En 2018, nous avons mené une étude pour demander aux ingénieurs que nous avions formés avant 2010 pourquoi ils n’avaient pas encore complètement déployé IPv6. La première réponse qui revenait était qu’ils n’étaient pas sûrs d’être assez compétents pour le faire seuls ; la deuxième réponse était que leurs patrons ne savaient pas ce qu’était IPv6 ou que ce n’était pas leur priorité. La troisième raison était que les équipements étaient trop vieux. Aujourd’hui, ce problème n’existe plus. Nous avons un module sur IPv6 qui s’adresse aux patrons et aux gouvernements et d’autres modules pour les accompagner.
Quelle est l’actualité au sein d’AFRINIC ?
Au sein d’AFRINIC, au niveau des opérations, nous avons arrêté d’attribuer des adresses IP, car nous sommes en attente des élections des membres du conseil d’administration. La justice mauricienne nous a désigné un administrateur pour organiser les élections et permettre aux membres d’AFRINIC d’élire les nouveaux membres du conseil d’administration. Cela permettra de relancer la machine, car aujourd’hui AFRINIC fonctionne sans budget. Il y a de l’argent, mais nous ne pouvons pas l’utiliser car le conseil d’administration n’a pas pu être constitué et le contrat du directeur général est arrivé à expiration. J’appelle donc les membres du Burkina Faso et de toute l’Afrique à se tenir informés de l’actualité sur le site Web d’AFRINIC et à se préparer pour voter afin d’élire les membres de la région Ouest et des autres régions.

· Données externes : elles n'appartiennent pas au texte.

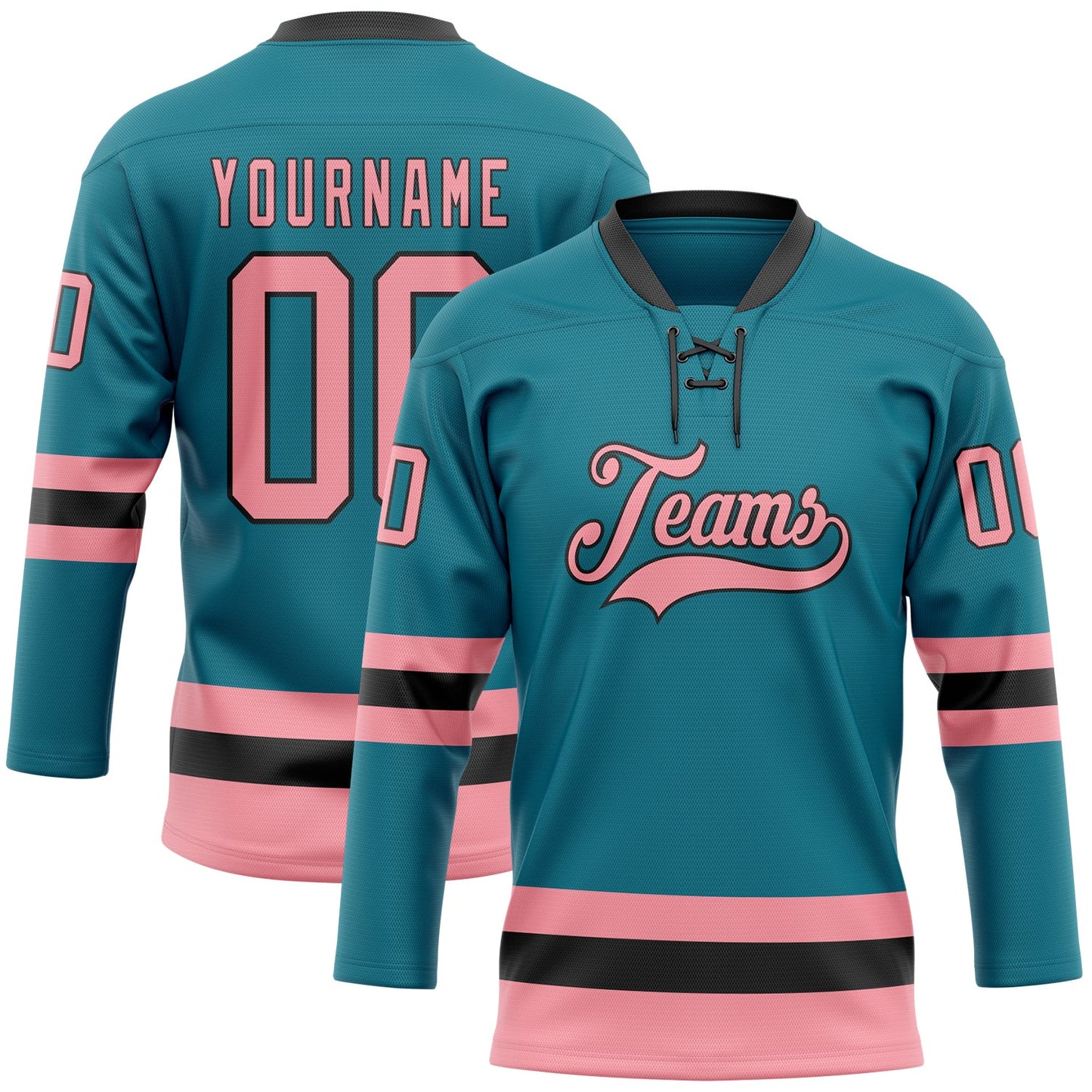 Custom Teal Medium Pink-Black Hockey Lace Neck Jersey - Main View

De l’extérieur, comment percevez-vous le développement de l’écosystème numérique au Burkina Faso ?
Depuis 2006, je suis dans l’écosystème Internet. J’étais assez jeune quand j’entrais avec notre grand frère, le regretté colonel Pierre Ouédraogo. Chaque année, les pays africains font des efforts et évoluent. Cela signifie que les choses ne stagnent pas ; dans chaque pays africain que j’ai parcouru, il y a des évolutions technologiques.
Ce n’est pas aussi rapide que nous le souhaiterions, mais il y a tout de même des avancées. Quand je regarde ce qui se passe au Burkina Faso, il y a des projets qui progressent ; la semaine du Numérique ne s’est pas arrêtée. L’ABDI, bien que relativement récente, fait de très bonnes choses pour le développement du « .bf ». Nous travaillons aussi avec l’ABDI pour sécuriser le « .bf », notamment avec le déploiement de DNSSEC (Les extensions de sécurité DNS, ndlr), en cours depuis plus d’un an avec des instances nationales qui gèrent le DNS. Ce sont des signes que la communauté progresse, même si ce n’est pas aussi rapide que dans certains pays. Il faut respecter et prendre en compte les contextes pour analyser et apprécier les progrès qualitatifs et quantitatifs des pays.
Un mot de fin ?
Le mot de fin est que l’ABDI, le régulateur et le gouvernement, via le ministère en charge de la Transition digitale, continuent d’investir dans le numérique, de s’assurer que la Semaine du numérique perdure et d’inviter les organisations africaines apolitiques qui œuvrent pour l’Internet à accompagner le continent dans son développement.
Les jeunes se sont plaints du manque de financement pour les projets innovants. J’encourage également les structures financières de l’État burkinabè à investir pour soutenir la jeunesse.
Il faut aussi que la population burkinabè sache apprécier les efforts de l’État en matière de financement des projets innovants. Ce n’est pas seulement au Burkina Faso, mais dans d’autres pays également, les fonds que l’État met pour les projets innovants ne sont jamais remboursés. Cela crée un manque à gagner qui empêche l’État d’aider les nouveaux projets. Lorsque vous investissez dans un projet, il est crucial de commencer à rembourser pour que d’autres puissent également bénéficier de ces fonds. C’est important.